This is the prompts generation instruction for Presto, which is modified from the Presto's arxiv paper. You can copy and paste it to Large Language Model (e.g., GPT-4) to generate your own prompts. Usually, you should define the video content description <VIDEO_DESCRIPTION> first, and then use the prompts for our task.
System Prompt:
You are a helpful video director.
User Prompt:
Based on the video content description, you need to write three coherent scene descriptions to create a silent video. These three descriptions represent consecutive moments within the same scene, each lasting approximately 49 frames (about 3 seconds). The three descriptions are connected, representing natural temporal progression within a single scenario.
These three scene descriptions should include detailed scenario transitions (such as camera movement, background changes, and object movement). The camera movement should be smooth. Avoid drastic angle changes and transitions, such as shifting from a frontal view directly to a side view. You can add details and objects, but the three scenes must form a continuous story, which means repeated object descriptions and details may be omitted. Three scene descriptions should NOT differ too much. Ensure similarity to enable smooth transitions between scenes.

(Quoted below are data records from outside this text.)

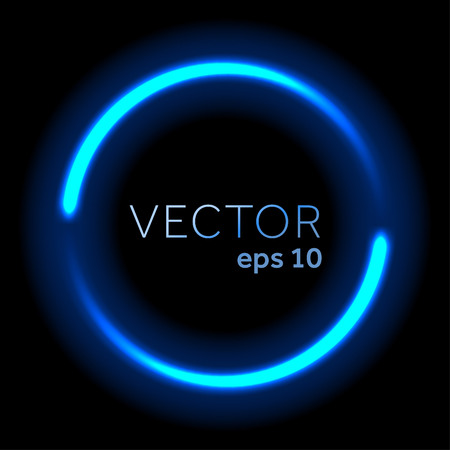Blue neon flowing lights circle Blue neon flowing lights circle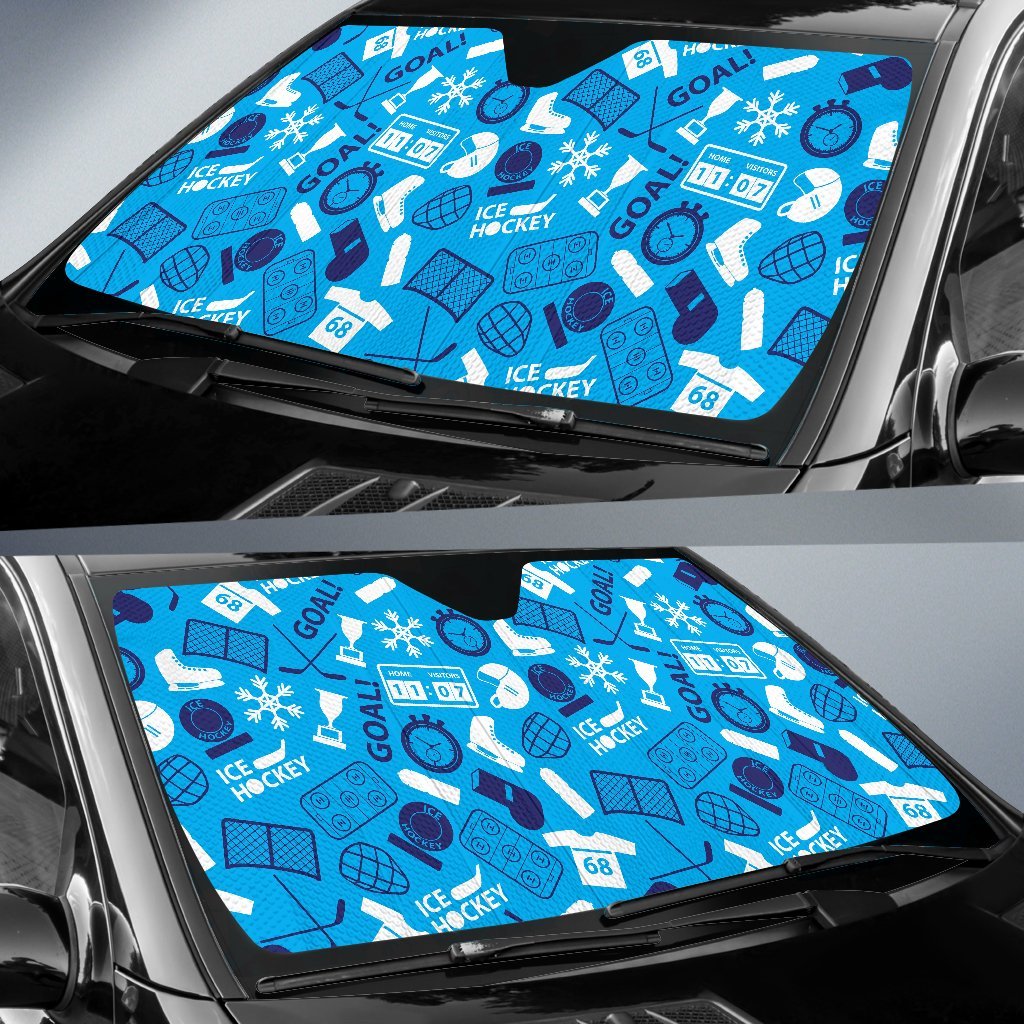 Hockey Print Pattern Car Sun Shade-grizzshop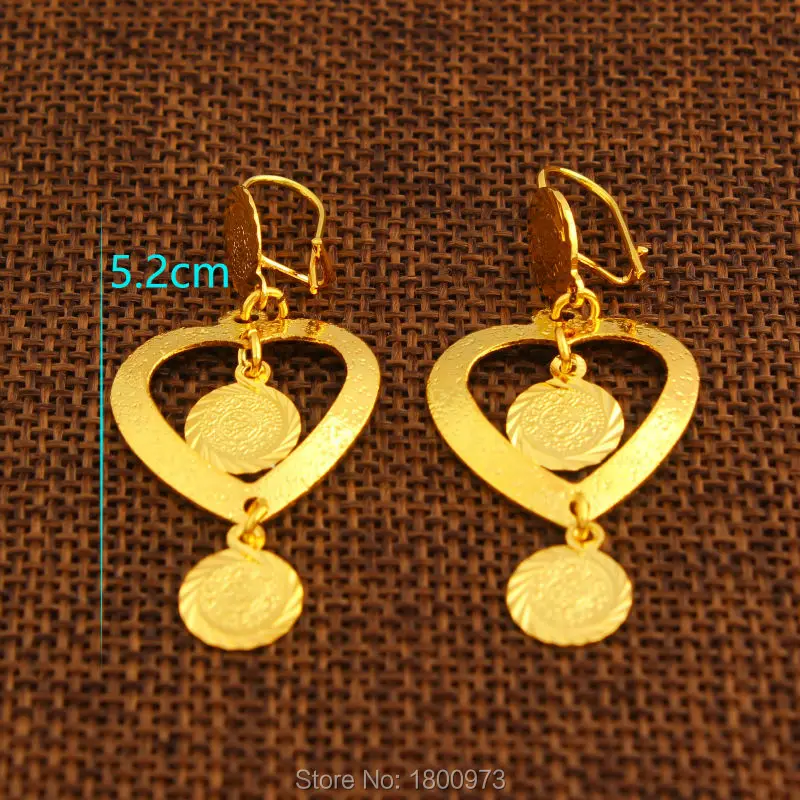 Adixyn новые серьги подвески с эфиопскими монетами в форме сердца для женщин и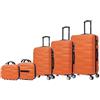 CELIMS - Set Valigie 5 Pezzi - Valigia Grande 23 kg + Valigia Media + Valigie Bagaglio a Mano + 2x Beauty Case da Viaggio | Valigie con Beauty Case | Arancione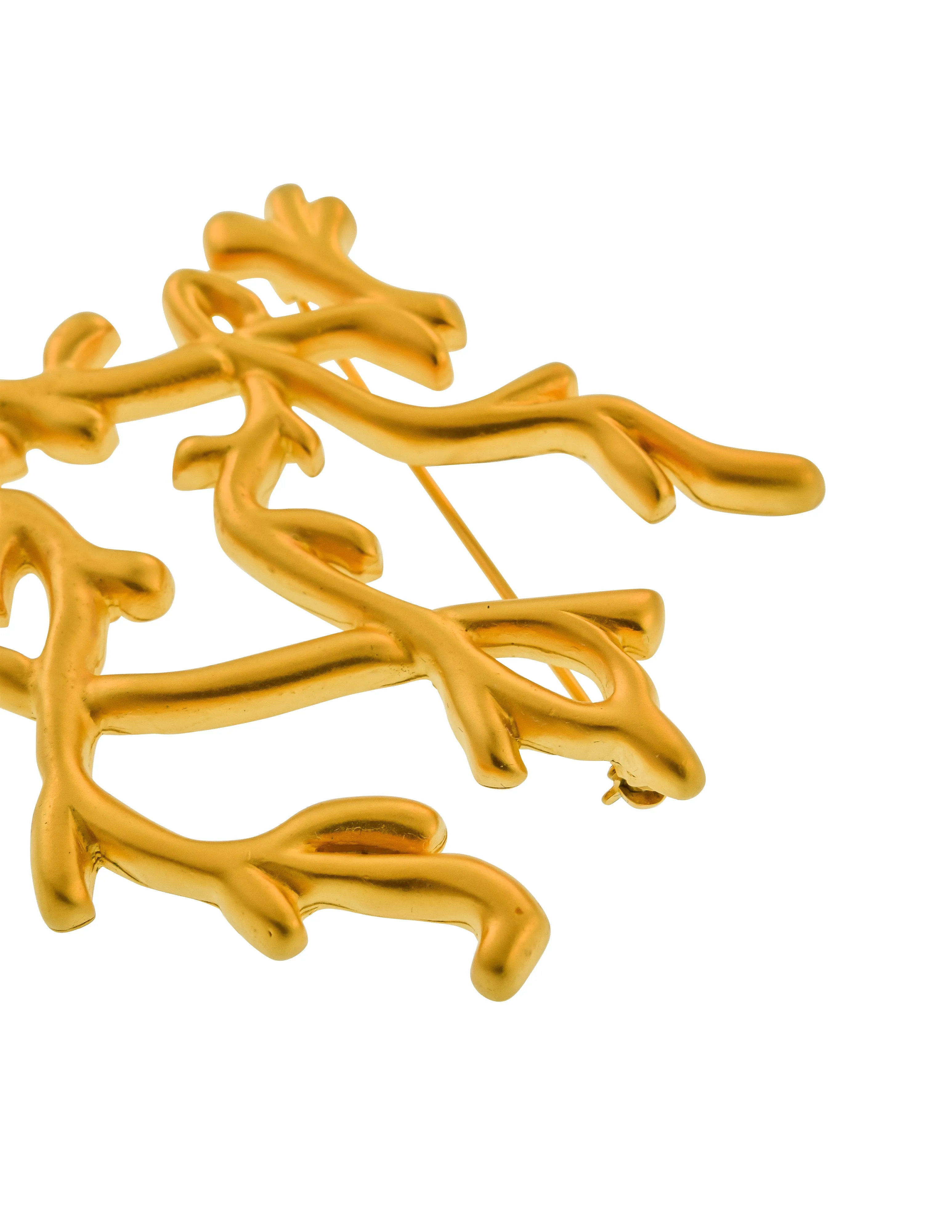 Karl Lagerfeld Vintage SS 1991 Brushed Gold Plated KL Logo Branch Brooch Pin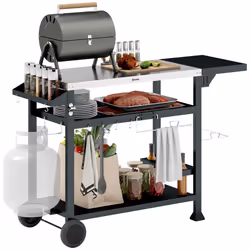 Outsunny Stainless Steel Outdoor Grill Cart with Folding Side table, 2 Wheels - Additional view 8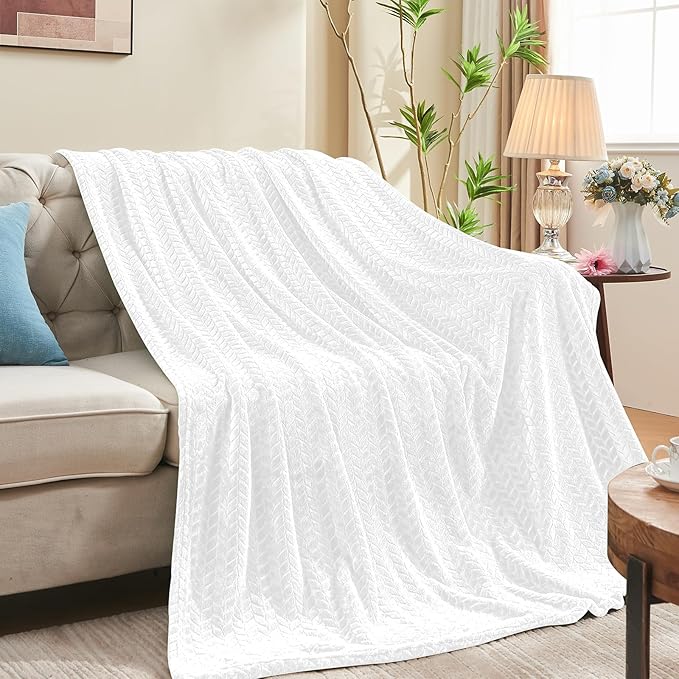 inhand White Fleece Twin Blanket, Super Soft Flannel Cozy Blankets for Adults, Lightweight Leaves Pattern Fuzzy Blanket for Couch Sofa Bed Office, Warm Plush Blankets for All Season, 60x90 Inches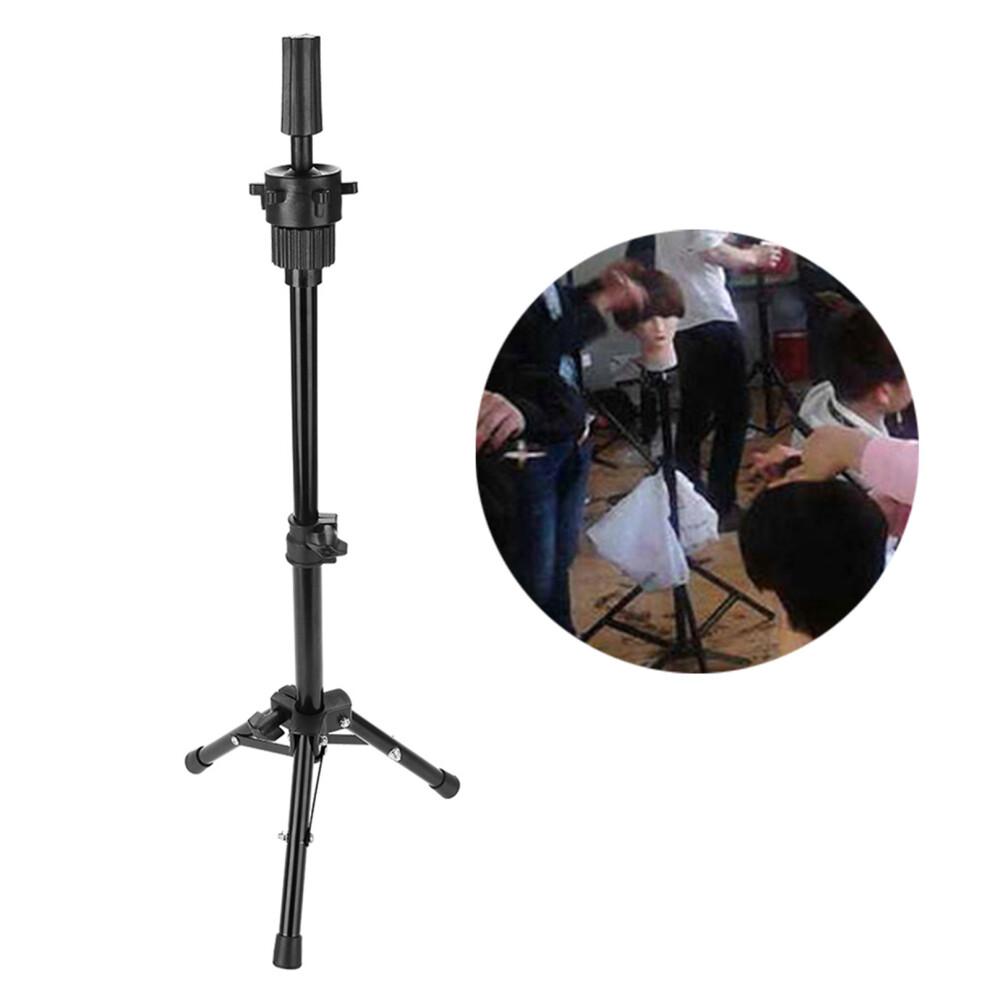 Unisex Black Mannequin Head Tripod Stand For Hairdressing Practice And Salon Use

If the description is brief, you can add details, but stay conservative, and only create simple, easily generated scenes. It's also acceptable for multiple scenes to share a higher degree of similarity. Since these are temporally close moments within the same scene (approximately 9 seconds total), they should maintain high visual consistency with natural, subtle changes.
You need to accurately, objectively, and succinctly describe everything. The scene descriptions need to be concise. Do NOT add details unrelated to the video content description. Do NOT speculate. Do NOT add scene titles, directly return three scene descriptions.
The video content description: <VIDEO_DESCRIPTION>.